Psalmen 105:17

Hij zond een man voor hun aangezicht henen; Jozef werd verkocht tot een slaaf.

Handelingen 7:9

En de patriarchen, nijdig zijnde, verkochten Jozef, om naar Egypte gebracht te worden; en God was met hem,

Genesis 37:36

En de Midianieten verkochten hem in Egypte, aan Potifar, een hoveling van Farao, overste der trawanten.

Genesis 50:20

Gijlieden wel, gij hebt kwaad tegen mij gedacht; doch God heeft dat ten goede gedacht; opdat Hij deed, gelijk het te dezen dage is, om een groot volk in het leven te behouden.

Genesis 37:27-28

Komt, en laat ons hem aan deze Ismaelieten verkopen, en onze hand zij niet aan hem; want hij is onze broeder, ons vlees, en zijn broederen hoorden hem.

Genesis 39:1

Jozef nu werd naar Egypte afgevoerd; en Potifar, een hoveling van Farao, een overste der trawanten, een Egyptisch man, kocht hem uit de hand der Ismaelieten, die hem derwaarts afgevoerd hadden.

Genesis 45:4-5

En Jozef zeide tot zijn broederen: Nadert toch tot mij!
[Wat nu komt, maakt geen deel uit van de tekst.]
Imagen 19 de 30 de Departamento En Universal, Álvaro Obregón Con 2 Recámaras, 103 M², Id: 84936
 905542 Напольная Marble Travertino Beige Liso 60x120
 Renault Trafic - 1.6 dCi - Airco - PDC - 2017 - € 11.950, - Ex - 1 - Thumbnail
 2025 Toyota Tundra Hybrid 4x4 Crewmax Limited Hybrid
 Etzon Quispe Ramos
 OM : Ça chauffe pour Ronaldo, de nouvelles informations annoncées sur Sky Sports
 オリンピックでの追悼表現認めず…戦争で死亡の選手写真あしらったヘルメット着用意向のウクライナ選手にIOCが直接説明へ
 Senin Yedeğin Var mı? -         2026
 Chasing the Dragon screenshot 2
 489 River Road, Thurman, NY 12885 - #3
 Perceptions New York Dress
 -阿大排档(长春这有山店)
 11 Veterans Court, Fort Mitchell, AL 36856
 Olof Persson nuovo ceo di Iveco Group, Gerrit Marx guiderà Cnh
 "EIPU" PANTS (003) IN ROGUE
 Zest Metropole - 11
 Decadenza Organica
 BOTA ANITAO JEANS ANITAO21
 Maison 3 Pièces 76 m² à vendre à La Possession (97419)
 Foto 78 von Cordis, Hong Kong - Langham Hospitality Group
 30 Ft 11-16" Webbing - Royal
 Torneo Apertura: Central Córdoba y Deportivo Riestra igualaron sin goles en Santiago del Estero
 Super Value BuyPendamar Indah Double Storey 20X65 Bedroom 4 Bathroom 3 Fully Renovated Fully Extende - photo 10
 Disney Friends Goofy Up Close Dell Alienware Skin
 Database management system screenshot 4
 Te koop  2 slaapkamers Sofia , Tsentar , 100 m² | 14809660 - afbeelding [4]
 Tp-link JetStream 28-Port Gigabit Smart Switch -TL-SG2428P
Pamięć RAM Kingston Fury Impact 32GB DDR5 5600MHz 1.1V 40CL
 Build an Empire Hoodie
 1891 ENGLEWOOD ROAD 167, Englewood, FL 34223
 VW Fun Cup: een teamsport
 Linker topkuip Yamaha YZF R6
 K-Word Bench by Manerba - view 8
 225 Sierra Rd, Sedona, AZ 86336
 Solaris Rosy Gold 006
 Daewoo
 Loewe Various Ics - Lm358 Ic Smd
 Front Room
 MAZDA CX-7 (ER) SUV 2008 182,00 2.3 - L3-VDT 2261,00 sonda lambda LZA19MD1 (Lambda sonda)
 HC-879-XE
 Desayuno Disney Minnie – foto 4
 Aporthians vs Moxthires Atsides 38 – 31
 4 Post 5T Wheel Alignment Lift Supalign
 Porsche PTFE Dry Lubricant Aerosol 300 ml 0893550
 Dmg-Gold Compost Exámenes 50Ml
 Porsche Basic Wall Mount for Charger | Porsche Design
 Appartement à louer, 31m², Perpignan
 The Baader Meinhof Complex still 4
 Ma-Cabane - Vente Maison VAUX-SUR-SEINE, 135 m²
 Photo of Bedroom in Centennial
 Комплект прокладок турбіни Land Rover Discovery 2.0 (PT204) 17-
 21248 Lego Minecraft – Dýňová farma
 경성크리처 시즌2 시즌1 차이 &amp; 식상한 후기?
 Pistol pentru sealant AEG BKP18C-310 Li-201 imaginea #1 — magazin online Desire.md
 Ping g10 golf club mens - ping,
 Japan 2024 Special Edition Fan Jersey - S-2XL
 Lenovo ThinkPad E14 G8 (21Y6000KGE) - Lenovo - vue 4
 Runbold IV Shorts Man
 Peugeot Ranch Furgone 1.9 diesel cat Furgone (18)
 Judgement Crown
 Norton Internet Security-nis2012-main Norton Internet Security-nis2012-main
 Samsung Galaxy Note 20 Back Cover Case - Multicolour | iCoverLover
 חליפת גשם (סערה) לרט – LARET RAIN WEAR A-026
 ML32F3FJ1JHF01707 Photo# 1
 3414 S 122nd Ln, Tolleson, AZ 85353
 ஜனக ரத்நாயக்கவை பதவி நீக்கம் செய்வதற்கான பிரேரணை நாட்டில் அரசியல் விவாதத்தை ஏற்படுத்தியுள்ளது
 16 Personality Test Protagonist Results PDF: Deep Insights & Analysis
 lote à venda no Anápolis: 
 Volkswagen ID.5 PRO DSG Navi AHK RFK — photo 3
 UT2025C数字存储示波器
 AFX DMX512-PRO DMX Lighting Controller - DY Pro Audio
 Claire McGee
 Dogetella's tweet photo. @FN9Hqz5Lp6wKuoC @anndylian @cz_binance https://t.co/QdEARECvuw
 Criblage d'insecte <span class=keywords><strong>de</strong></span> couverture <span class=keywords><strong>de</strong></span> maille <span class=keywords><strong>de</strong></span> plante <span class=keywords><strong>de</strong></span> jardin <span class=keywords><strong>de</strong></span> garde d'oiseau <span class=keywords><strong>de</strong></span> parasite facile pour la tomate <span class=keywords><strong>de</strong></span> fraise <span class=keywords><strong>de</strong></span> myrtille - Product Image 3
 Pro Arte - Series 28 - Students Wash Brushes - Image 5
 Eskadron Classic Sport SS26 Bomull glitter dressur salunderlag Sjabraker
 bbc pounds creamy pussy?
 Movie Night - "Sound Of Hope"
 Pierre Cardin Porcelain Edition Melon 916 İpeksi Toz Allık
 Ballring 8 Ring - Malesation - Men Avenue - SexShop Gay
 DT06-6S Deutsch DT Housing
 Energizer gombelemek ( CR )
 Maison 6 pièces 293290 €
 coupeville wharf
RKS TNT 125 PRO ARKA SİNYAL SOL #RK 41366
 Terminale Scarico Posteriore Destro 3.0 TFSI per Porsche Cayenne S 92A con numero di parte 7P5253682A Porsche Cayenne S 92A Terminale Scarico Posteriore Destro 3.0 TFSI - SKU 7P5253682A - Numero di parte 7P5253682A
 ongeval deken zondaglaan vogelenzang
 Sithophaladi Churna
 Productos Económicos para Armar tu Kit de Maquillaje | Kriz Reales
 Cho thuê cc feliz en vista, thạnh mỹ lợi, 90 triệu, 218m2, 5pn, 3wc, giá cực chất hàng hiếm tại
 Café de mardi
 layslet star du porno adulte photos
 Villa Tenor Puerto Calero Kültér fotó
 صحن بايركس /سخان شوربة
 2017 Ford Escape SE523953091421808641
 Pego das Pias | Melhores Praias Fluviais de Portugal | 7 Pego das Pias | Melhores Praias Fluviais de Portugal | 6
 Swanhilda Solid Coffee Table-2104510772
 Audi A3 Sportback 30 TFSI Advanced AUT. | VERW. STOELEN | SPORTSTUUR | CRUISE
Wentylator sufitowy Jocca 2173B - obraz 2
En zij naderden. Toen zeide hij: Ik ben Jozef, uw broeder, dien gij naar Egypte verkocht hebt.

Genesis 45:7-8

Doch God heeft mij voor uw aangezicht henen gezonden, om u een overblijfsel te stellen op de aarde, en om u bij het leven te behouden, door een grote verlossing.